This announcement comes following a commitment made at the G8 summit this summer to establish a central register of company beneficial ownership, Cameron has now confirmed this is to go ahead – and be made open to the public.
The Companies House register is designed to expose those companies that keep the true ownership of the business secret in an attempt to avoid paying tax and hide profits.
In a speech today at the Open Government Partnership, the prime minister said that making the register available to the public will allow all UK companies to “better identify” who they are really doing business with.
“For too long a small minority have hidden their business dealings behind a complicated web of shell companies, and this cloak of secrecy has fuelled all manners of questionable practice – and downright illegality,” he said.
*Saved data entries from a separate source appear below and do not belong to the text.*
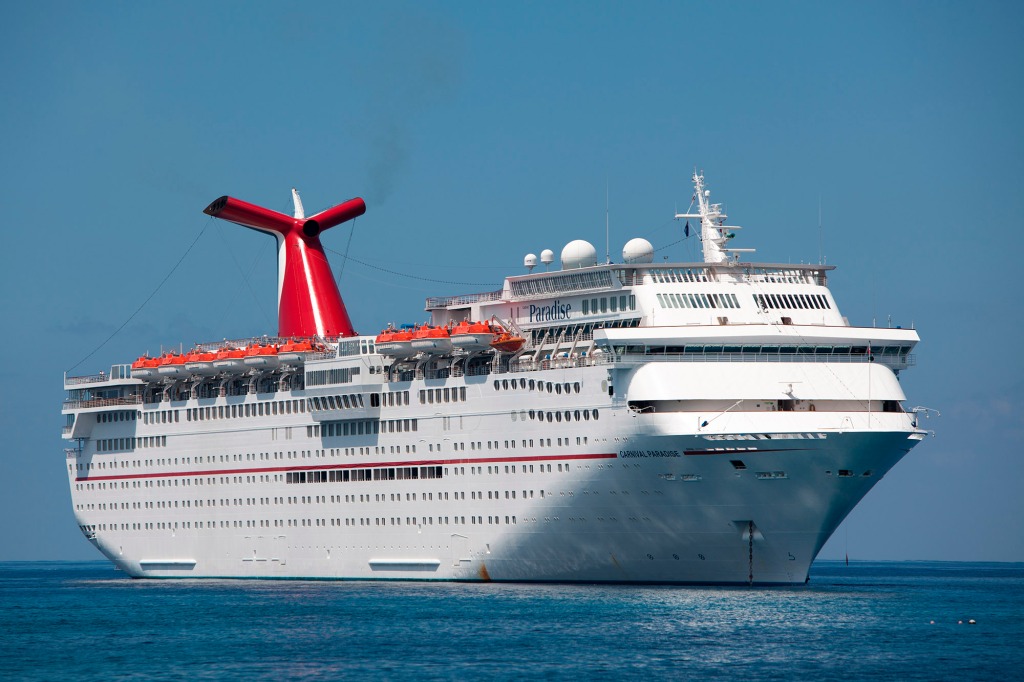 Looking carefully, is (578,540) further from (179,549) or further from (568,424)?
(179,549)

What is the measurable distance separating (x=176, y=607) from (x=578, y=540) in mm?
14501

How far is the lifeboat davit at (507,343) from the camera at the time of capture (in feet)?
202

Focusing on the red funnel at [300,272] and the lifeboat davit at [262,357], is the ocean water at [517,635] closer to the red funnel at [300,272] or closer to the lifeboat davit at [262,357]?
the lifeboat davit at [262,357]

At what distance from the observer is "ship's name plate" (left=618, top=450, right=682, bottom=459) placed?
55.0 metres

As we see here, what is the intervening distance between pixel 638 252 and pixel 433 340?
8875 millimetres

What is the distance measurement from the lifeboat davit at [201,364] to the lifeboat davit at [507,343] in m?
16.5

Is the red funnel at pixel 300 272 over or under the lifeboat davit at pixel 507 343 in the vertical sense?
over

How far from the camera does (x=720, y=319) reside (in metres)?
57.8

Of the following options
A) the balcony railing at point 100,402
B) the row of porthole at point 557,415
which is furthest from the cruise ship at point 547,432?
the balcony railing at point 100,402

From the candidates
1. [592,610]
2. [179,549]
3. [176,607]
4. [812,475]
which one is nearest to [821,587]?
[812,475]

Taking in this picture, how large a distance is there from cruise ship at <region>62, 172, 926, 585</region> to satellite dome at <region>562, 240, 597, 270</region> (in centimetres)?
8

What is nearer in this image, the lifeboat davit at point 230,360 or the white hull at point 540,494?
the white hull at point 540,494

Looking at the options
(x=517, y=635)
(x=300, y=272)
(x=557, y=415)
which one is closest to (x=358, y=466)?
(x=557, y=415)

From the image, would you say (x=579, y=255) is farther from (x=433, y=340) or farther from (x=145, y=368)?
(x=145, y=368) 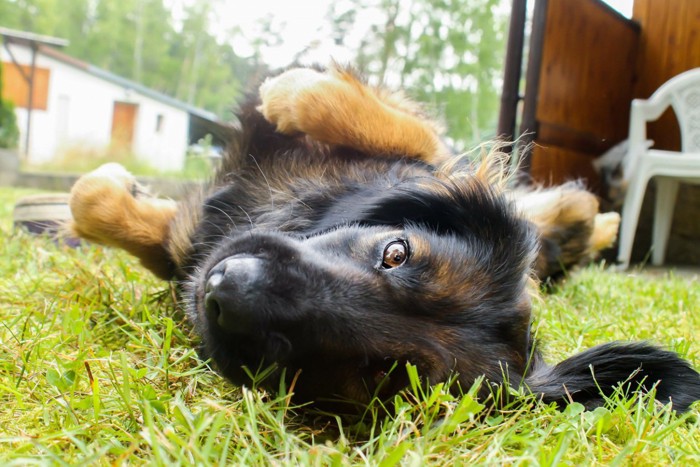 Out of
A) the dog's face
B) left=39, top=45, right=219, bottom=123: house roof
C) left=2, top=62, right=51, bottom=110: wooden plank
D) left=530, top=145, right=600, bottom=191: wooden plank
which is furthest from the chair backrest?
left=2, top=62, right=51, bottom=110: wooden plank

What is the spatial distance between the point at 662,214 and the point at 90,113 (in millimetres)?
32997

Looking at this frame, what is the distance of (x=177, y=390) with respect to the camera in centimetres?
183

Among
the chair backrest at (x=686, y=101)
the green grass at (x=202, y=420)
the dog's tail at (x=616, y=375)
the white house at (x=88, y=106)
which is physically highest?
the white house at (x=88, y=106)

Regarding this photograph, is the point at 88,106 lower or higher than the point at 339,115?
higher

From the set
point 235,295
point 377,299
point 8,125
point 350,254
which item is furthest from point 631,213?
point 8,125

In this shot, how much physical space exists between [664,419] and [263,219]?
1.59m

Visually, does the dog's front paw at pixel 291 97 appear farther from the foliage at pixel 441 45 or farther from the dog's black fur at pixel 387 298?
the foliage at pixel 441 45

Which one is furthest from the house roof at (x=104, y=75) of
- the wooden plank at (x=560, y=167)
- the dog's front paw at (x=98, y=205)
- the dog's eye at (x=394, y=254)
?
the dog's eye at (x=394, y=254)

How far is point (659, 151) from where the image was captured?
21.4 ft

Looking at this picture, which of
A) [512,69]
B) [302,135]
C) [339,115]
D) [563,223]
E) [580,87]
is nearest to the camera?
[339,115]

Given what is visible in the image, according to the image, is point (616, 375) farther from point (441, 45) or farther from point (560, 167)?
point (441, 45)

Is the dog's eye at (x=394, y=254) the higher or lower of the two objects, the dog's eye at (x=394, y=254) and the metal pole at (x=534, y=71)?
the lower

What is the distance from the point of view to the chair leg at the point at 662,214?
706 cm

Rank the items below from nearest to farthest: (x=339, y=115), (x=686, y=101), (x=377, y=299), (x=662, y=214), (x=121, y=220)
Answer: (x=377, y=299), (x=339, y=115), (x=121, y=220), (x=686, y=101), (x=662, y=214) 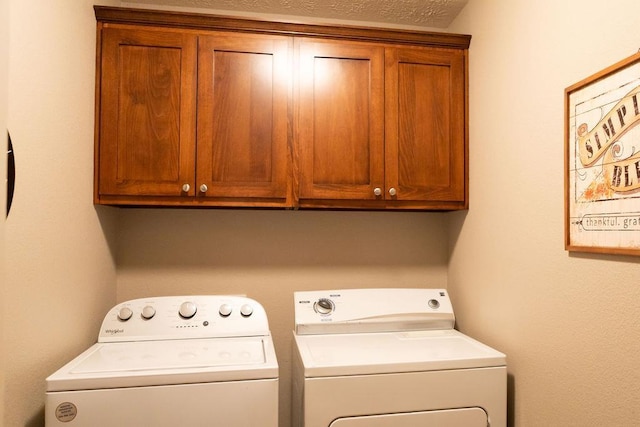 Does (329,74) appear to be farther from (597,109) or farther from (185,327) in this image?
(185,327)

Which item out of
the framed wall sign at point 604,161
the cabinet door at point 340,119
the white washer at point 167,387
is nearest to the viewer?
the framed wall sign at point 604,161

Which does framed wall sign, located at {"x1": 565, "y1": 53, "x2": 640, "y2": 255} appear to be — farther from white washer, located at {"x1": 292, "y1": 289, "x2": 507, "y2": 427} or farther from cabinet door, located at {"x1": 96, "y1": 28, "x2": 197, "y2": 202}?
cabinet door, located at {"x1": 96, "y1": 28, "x2": 197, "y2": 202}

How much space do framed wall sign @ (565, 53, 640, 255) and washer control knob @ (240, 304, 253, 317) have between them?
125 centimetres

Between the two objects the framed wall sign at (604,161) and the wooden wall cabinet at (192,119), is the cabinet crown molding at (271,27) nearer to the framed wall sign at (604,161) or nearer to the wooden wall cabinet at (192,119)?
the wooden wall cabinet at (192,119)

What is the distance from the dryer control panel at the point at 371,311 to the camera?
5.91 ft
“Not only is this hugely unfair to the millions of hardworking people in Britain who pay their tax, it’s also bad for business.
“To keep corporate taxes low, you’ve got to keep corporate taxes coming in. As I’ve put it, no tax base – no low tax case. So that’s why we need to shine a spotlight on who owns what and where money is really flowing.”
He added that Britain is leading the way in this kind of transparency, and urged the rest of the world to follow suit.
Business secretary Vince Cable said having a public register will make Britain a better place to invest and do business.
“The vast majority of companies and directors in the UK contribute productively to the economy, abide by the rules and make an enormous contribution to society.
“But an errant few operate in the shadows, creating ownership structures that serve to deceive. We’re now shining a light on who really owns and controls companies in the UK and proudly leading the world in this initiative.”
However Dr Adam Marshall, director of policy at the British Chambers of Commerce warned the move could increase regulatory burdens for many businesses.
“Many will be concerned that the introduction of a universal register of beneficial ownership could create unintended consequences for law-abiding businesses, such as increased regulatory and reporting burdens.
“Ministers must work with business to address these concerns over the coming weeks, and ensure the UK doesn’t go it alone when it comes to good corporate governance.”
It is thought that the government may use the same method that currently applies to the disclosure of information on company shareholders, meaning that companies would hold information on the names and addresses of their beneficial owners and details of their interest in the company, and Companies House would hold – and make publicly accessible – the names of the beneficial owners and details of their interest in the company.